I’m sure mostly this has to do with my pop culture diversions, both mental and actual. I was of course riffing on Dark Sun on Wednesday, and in case it wasn’t crystal clear (or if your eyes glazed over) the whole notion of post-apocalyptic Dungeons & Dragons in a world of gladiator slaves and cannibal savages and a dying desert planet is of course a naked attempt to take some of the inherent silliness of elves and dwarves and sparkly magic wands and make it extremely badass. The early part of this week, I was reading yet another (for better or worse, the only other) City of Heroes novel which focuses on the origin of that gameworld’s Superman analogue, the Statesman. The CoH twist is that Statesman was a scarred World War I vet who was both cured of his debilitating war wounds and granted extraordinary powers by drinking a mythological elixir, after a hunt for said elixir which was funded by various criminal activities, and even after he gained the powers he primarily used them to hunt down one specific arch-criminal only because that relatively more evil guy had murdered Statesman’s brother and foster father, and only towards the end of that hunt did he evolve into the kind of principled hero the rest of the world could look up to and be inspired by (but he was still kind of a badass). Yesterday the movie I watched on my VRE ride was GI Joe: The Rise of Cobra, the live-action joint from 2009, which managed to be both totally goofy and slightly badass (and I will have much more to say about the films merits and flaws next time Geek-Out Wednesday rolls around). And today on the VRE I started watching a movie called Suicide Kings which is about amateur criminals and mobsters and features both Christopher Walken and Denis Leary, so I expect much badass (albeit quirky) action to be in store there.
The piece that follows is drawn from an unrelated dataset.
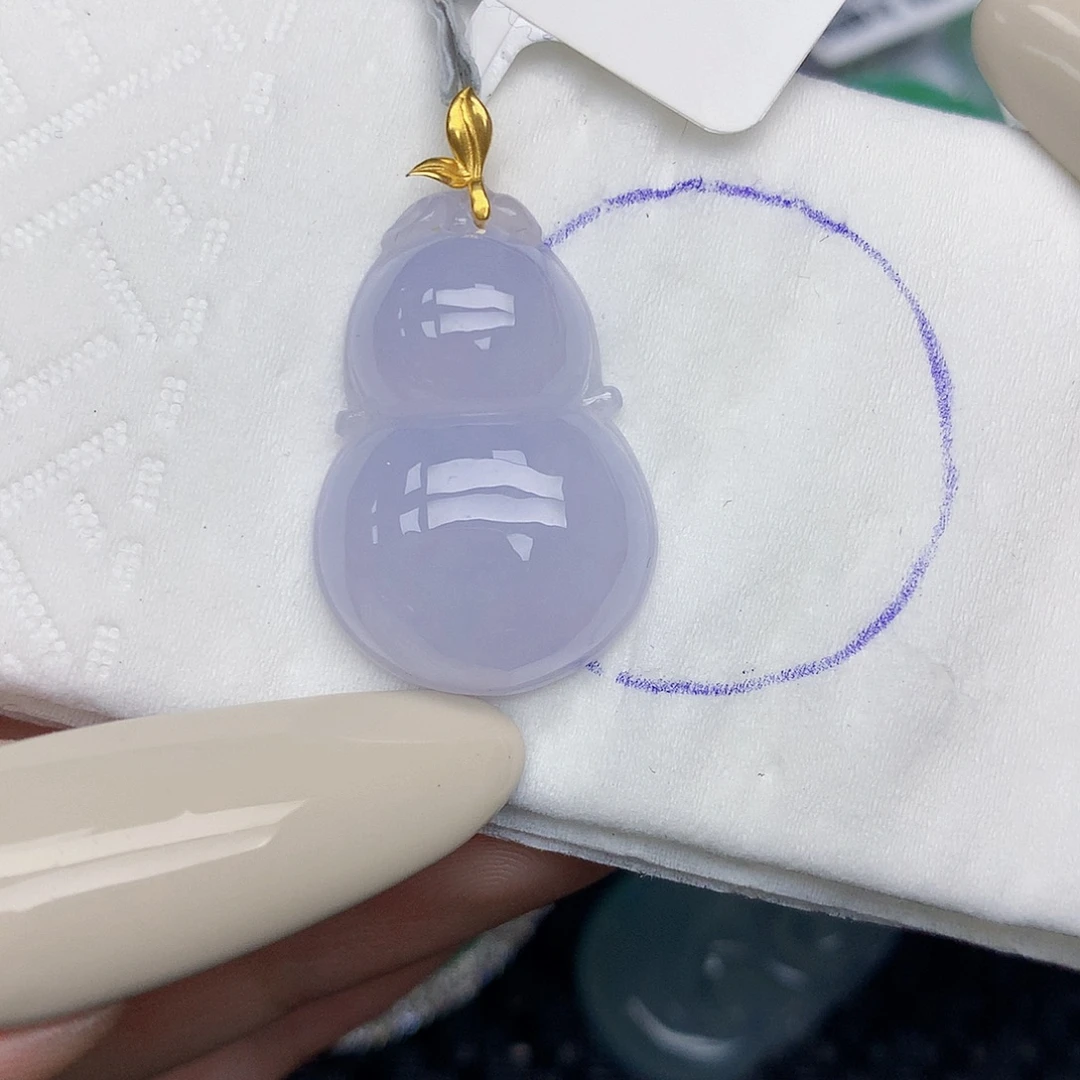 翡翠18K金镶嵌颈饰天然缅甸翡翠a货百元以上9元证书费自理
So awful it goes right back around to awesome again.
This is my escapism of choice, and this is indisputably the season for it. But speaking of the mix of badassery and absurdity, here’s a story from one of the summers of my youth.

When I was about ten years old my family took a week’s vacation to Lake George in upstate New York. A couple of memories that stand out from that trip include sitting in our rental cabin on a rainy day watching the video for Panama on MTV and arguing with my dad about whether Van Halen was the name of the lead singer in the band or the lead guitarist (I was arguing the former, clearly I was wrong, but I was only a dumb kid who just assumed that the frontman always got top billing, and this was obviously well before David Lee Roth became a household name.) and also going out to a mom-and-pop ice cream shop and getting a bowl of homemade Chocolate Cookies and Cream (which means they used chocolate ice cream and mixed in sizable chunks of store-bought Oreos, and if you think that would be an overkill of chocolate you and I must agree to disagree).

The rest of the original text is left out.